DE102011090158A1 - Method for engaging a starting pinion of a starting device in a ring gear of an internal combustion engine - Google Patents

Abstract

Method for engaging a starting pinion (19) of a starting device (16) in a ring gear (13) of an internal combustion engine (10), wherein the internal combustion engine (10) has a drive shaft (22) and the starting device (16) has a starter motor (25) the drive shaft (22) has a variable speed (n), and in a method step (S1) a shutdown of the internal combustion engine (10) and thereafter in a method step (S2) by the starter motor (25) not rotationally driven starter pinion (19) a Vorspuraktuator (28) by means of a toggle force (FV) in the direction of the sprocket (13) is advanced until it touches and then in a further step (S3) on the starter pinion (19) targeted a Einspurkraft (FE) is effected to the toothed pinion (19) into a tooth gap (34) of the ring gear (13) einzuspuren.

Description

State of the art

There are known start-stop systems in which the internal combustion engine is switched off and on according to a specific strategy. Also known are start-stop systems based on pinion starters, which engage a pinion in a starter ring gear of the engine to start.

In previous start-stop systems, the meshing of the pinion in the sprocket and the restart of the engine only after the complete stoppage of the drive or crankshaft of the engine can be done. This may result in a stop case under certain circumstances, time delays and comfort disadvantages. These are to be avoided or shortened by the meshing of the starter or its pinion in the expiring sprocket of the engine. Such a process is referred to in professional circles as "Change of Mind". This term indicates that a change of consciousness of the driver of the vehicle is connected to a new drive request with required restart or restart of the internal combustion engine.

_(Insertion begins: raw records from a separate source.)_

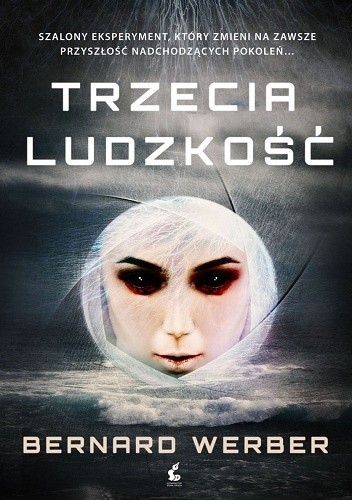 Trzecia ludzkość - Bernard Werber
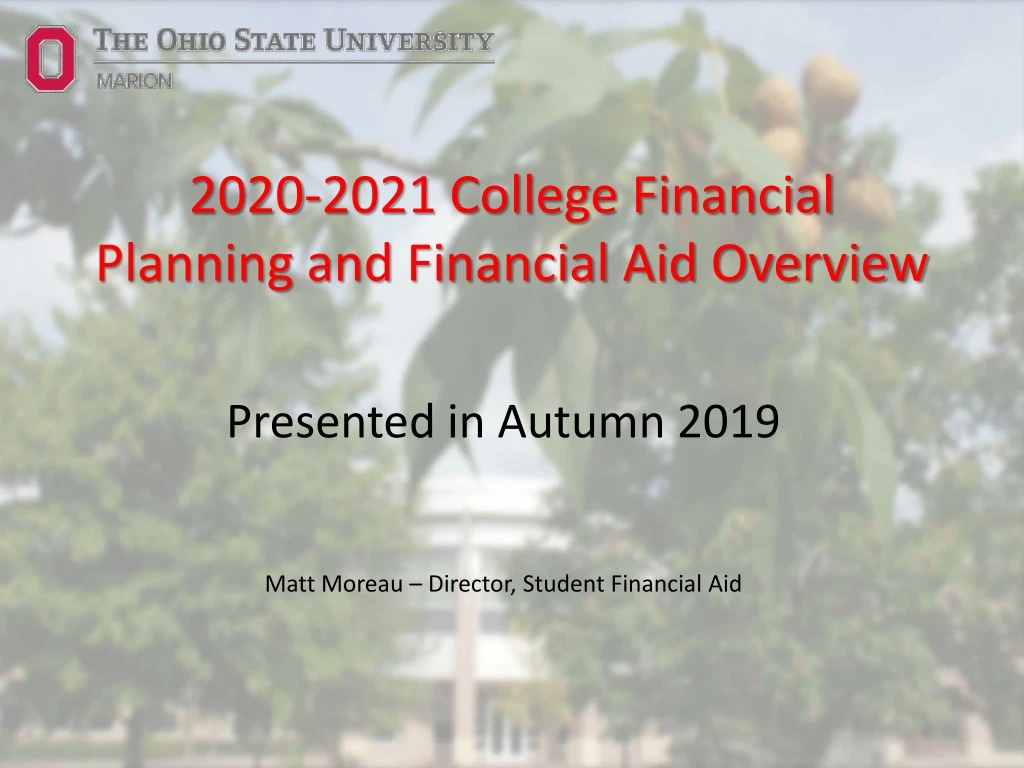 2020 2021 college financial planning and financial aid overview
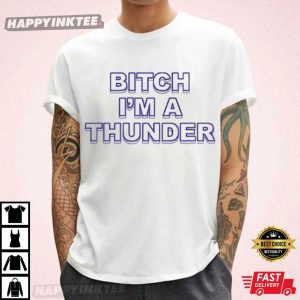 Oklahoma City Thunder Bitch I’m A Thunder T-Shirt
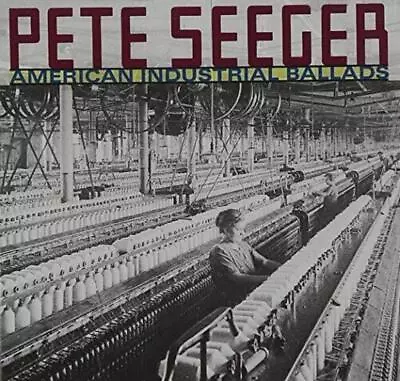 £4.08 • Buy American Industrial Ballads Pete Seeger 2009 CD Top-quality Free UK Shipping
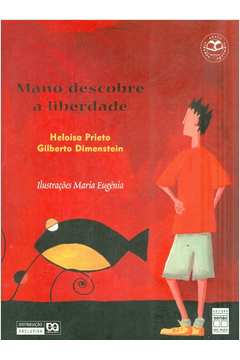 Mano Descobre A Liberdade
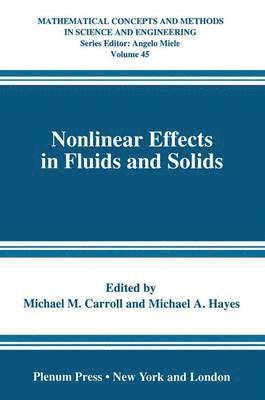 Nonlinear Effects in Fluids and Solids 1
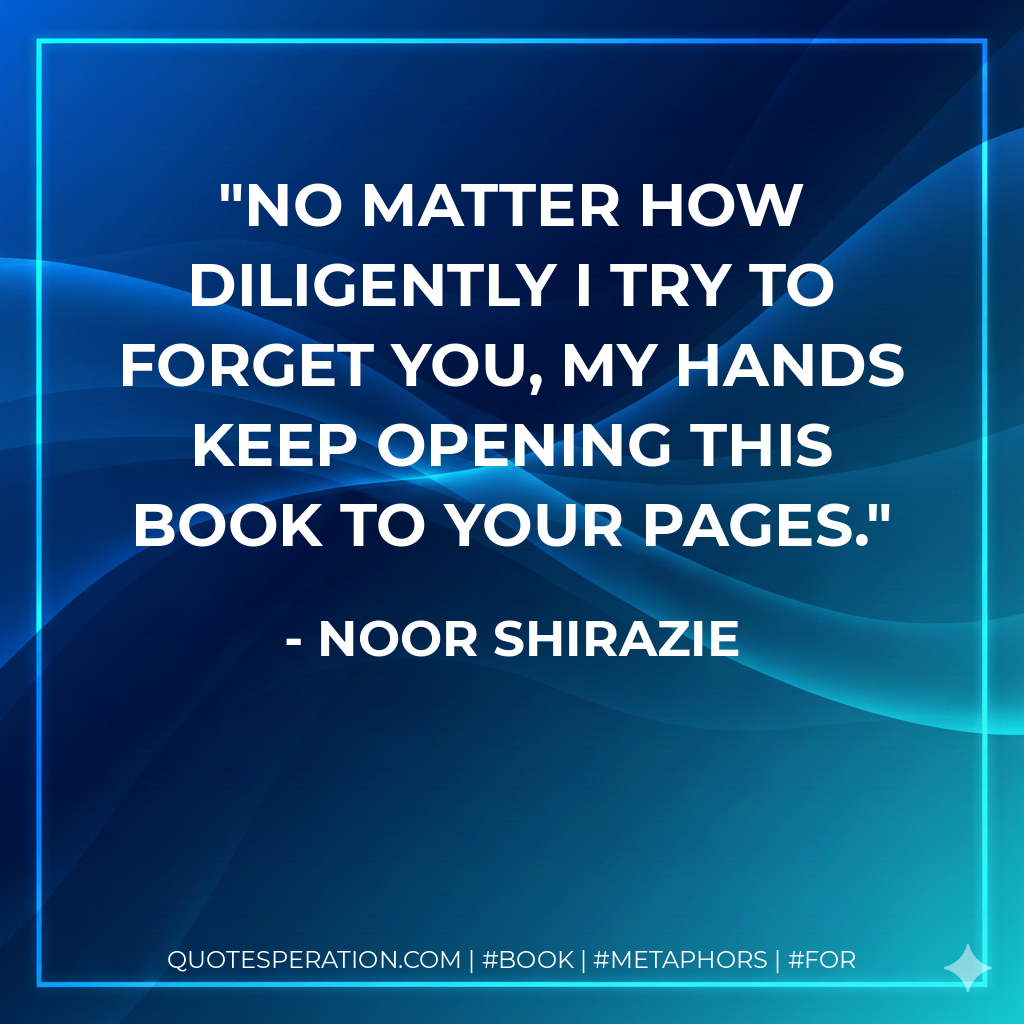 No matter how diligently I try to forget you, my hands keep opening this book to your pages. - Noor Shirazie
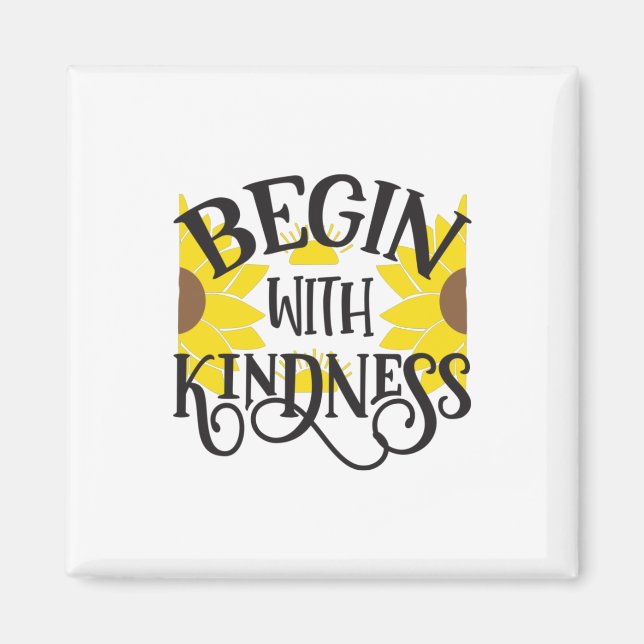 Imán Sunflower Lover | Begin With Kindness (Frente)
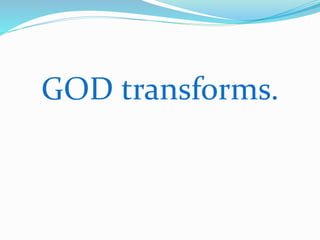 GOD transforms.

Different strategies for energizing the starter motor and the meshing of the starter pinion are for example from the DE 10 2008 040 830 A1 known. These strategies each require a starting system, in which the functions "starter motor starter" and "starter pinion engagement" can run independently of each other.

The methods described below specify further variants of the strategy for starting the starter motor and for engaging the starter pinion in the starter ring gear. These are connected with the goal of being able to use the advantages of the function "Change of Mind" even in the Auspendelphase of the internal combustion engine after stopping. Furthermore, decision criteria for implementing a suitable strategy for the meshing of the starter in the outgoing internal combustion engine are given. So that primary goals are optimally fulfilled for the respective application. These primary goals include, for example, the so-called restart time, reducing vibrations when starting with the vehicle, noise reduction and increase the life of the starting system.

• – Einerseits eine Abstimmung zwischen Schwingungsreduktion beim Abstellen des Motors und Verbesserung der Lebensdauer bzw. Geräuschreduzierung beim Einspuren, d. h. es wird entweder bei jedem Auslauf eingespurt bzw. nur dann eingespurt, wenn eine Startanforderung (Brennkraftmaschine wieder in den Selbstlauf bringen) bereits im Auslauf vorliegt.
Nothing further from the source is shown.